The strategy, ‘RI Inside’, is similar to Intel’s ‘Intel Inside’ branding, Thamotheran explains. Just as the Intel Inside sticker assures the consumer of rigorous testing and high quality, so too does the RI Inside endorsement at AXA IM assure customers that analysts and managers have applied exhaustive ESG standards to investment choices.

Thamotheran is concerned that investment individuals are “trapped into peer group accountability and benchmarks”.

This leads to me-too investment choices, he warns. “How do you get the whole to move.” Do you launch a new fund?”

Putting his money where his mouth is, Thamotheran was an early supporter of the Finance Lab in September last year. This ambitious large-system change project is sponsored by the Institute of Chartered Accountants in England and Wales, with stewardship responsibility for the From Risk to Resilience working group.

Thamotheran has always had skin in the game, putting into practice what he preaches about responsible investment.

From 2000 to 2006, he was the inaugural senior adviser for socially responsible investment at the UK Universities Superannuation Scheme, with £22 billion in assets and more than 162,000 members.

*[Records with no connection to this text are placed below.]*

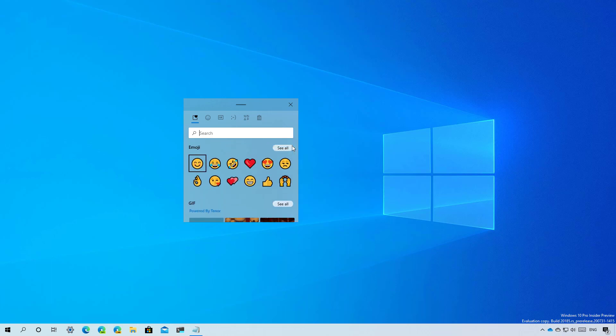You'll also notice that the emoji icons are larger with the new interface. In addition, you'll find a new search box to make it easier to find the elements that you want to use.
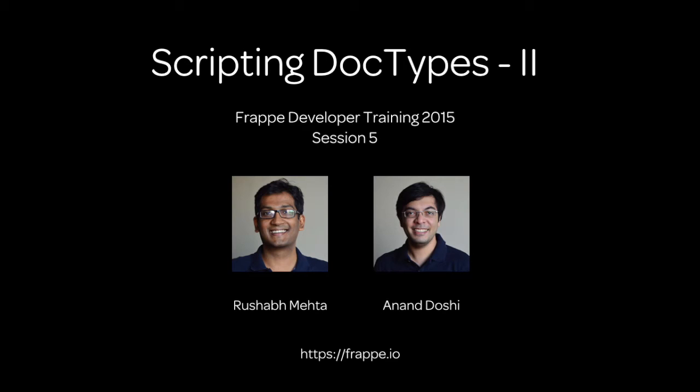Hi, this is Rushab here and welcome to session 5 of the Frappe developer training screencast. This screencast has been jointly recorded by Anand and me, and we are walking through a process of creating a Frappe app.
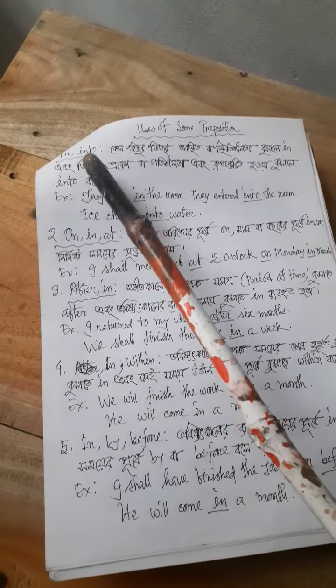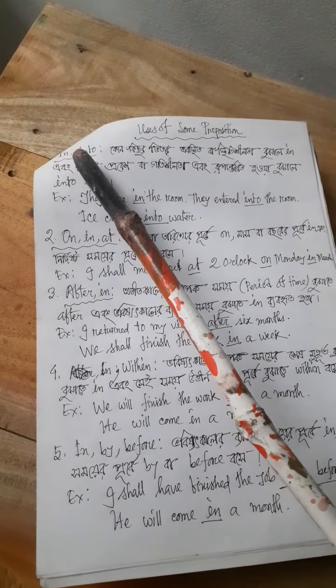Today we will discuss preposition. First of all, we have to know preposition. This word is equivalent to the equivalent of preposition. Let's start with preposition, step by step. Now come to the point.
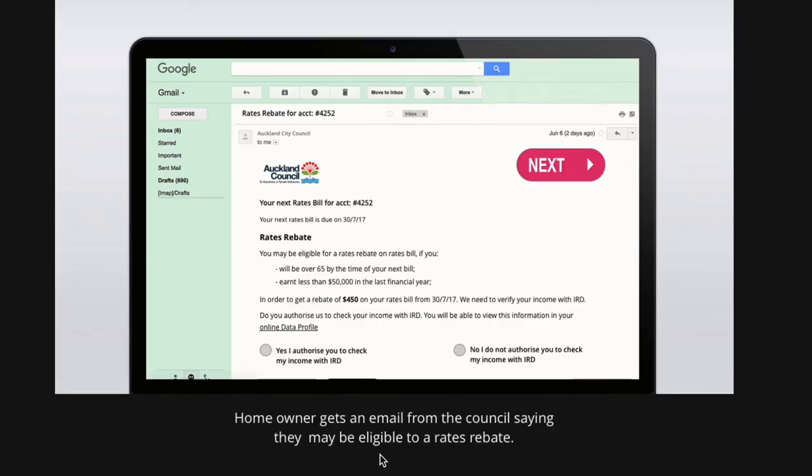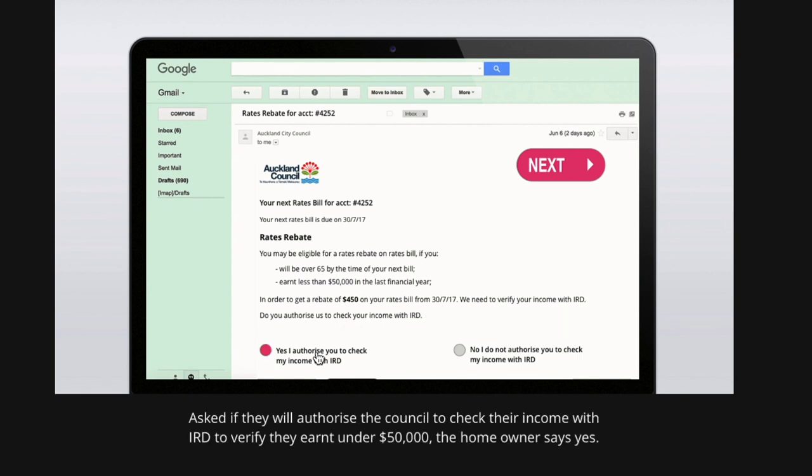In this example, a homeowner gets an email from their council saying they may be eligible for a rates rebate. In this notification, they are asked whether they are happy for the conditions to be confirmed with IRD as to whether they are eligible. They're asked if they will authorize the council to check their income with IRD to verify they earn under $50,000.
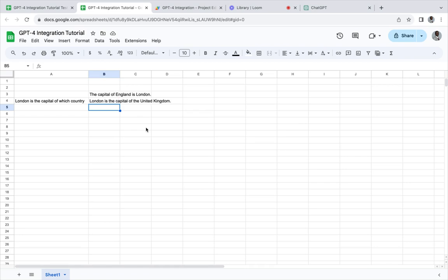That is an easy step-by-step tutorial on how to integrate GPT-4 with Google Sheets. The code will be provided in the description. If you have any questions, let me know in the comment section below.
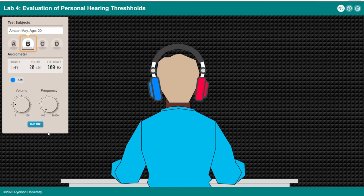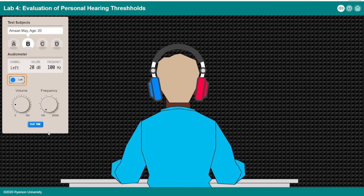Subject B selected: name Aman May, age 20. Subject C, Subject D. Audiometer channel toggle: left channel, right channel — left channel selected. Volume control: use arrow keys to change.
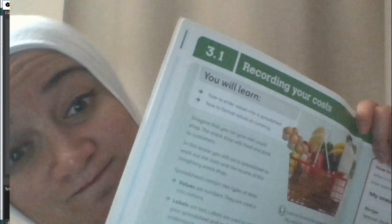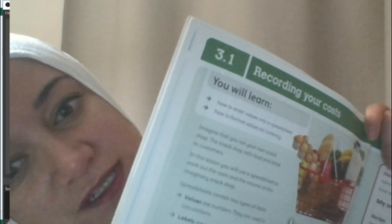After you finish reading it, go start with the first lesson, recording your costs, okay?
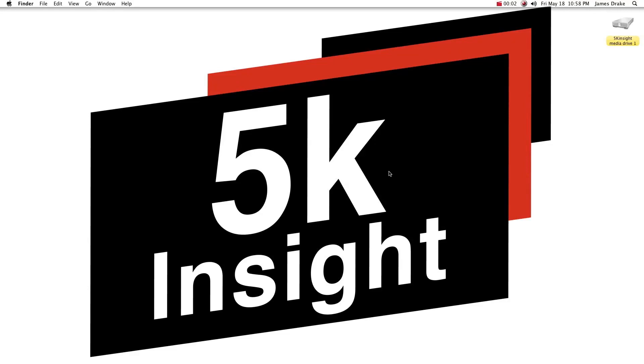What's going on everybody? This is James Drake with 5K Insight and that is our gigantic logo as a wallpaper, a little bit of shameless promotion.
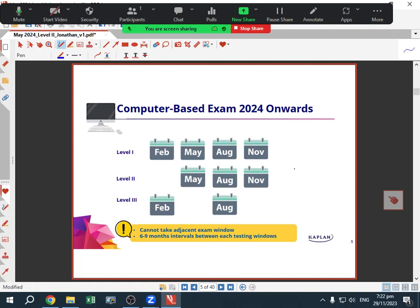Now Level 1 can be taken four times, Level 2 three times, and Level 3 two times. It seems like they have settled on this system for the foreseeable future. If you're listening to this seminar, we are thinking about doing the May Level 2 exam, which is in about six months' time. Importantly, you cannot take adjacent exam windows.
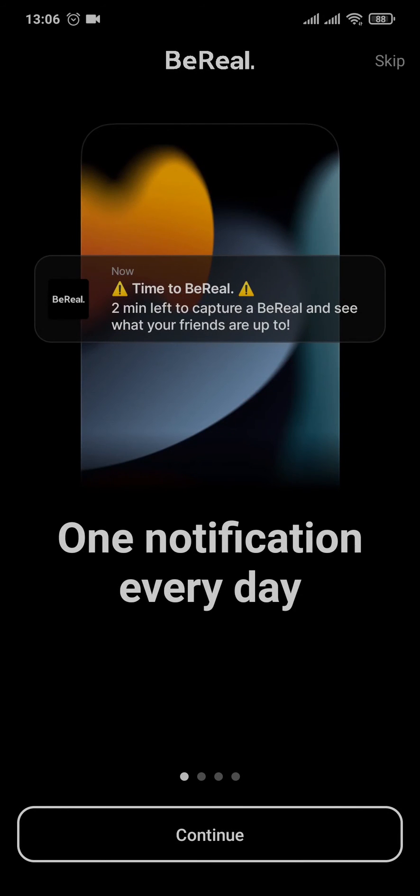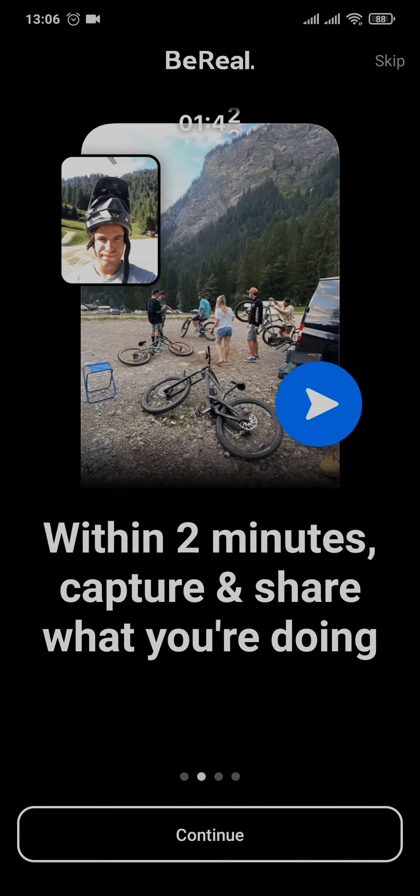And there you go. Now you can sign up for BDL, or if you already have one, you can log in.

During this time, he was responsible for establishing USS’s position as one of the global leaders in RI, with a particular reputation for collaborative, systemic engagement projects.

Before this, in the late 1990s, he consulted on corporate social responsibility with clients ranging from BT to Caricom.

As first manager of the Ethical Trading Initiative, he set up the strategy and helped the new group separate from its founding NGOs.

It was his work in the late 1980s and ’90s that propelled him to want to work “closer to the source of most power” and influence it internally.

To these ends, he found Nuclear Freeze and SaferWorld in the late 1980s, and thus learned, at first hand, the intricacies of fundraising from major donors including Ford Foundation, Rowntree Charitable Trust and Network for Social Change.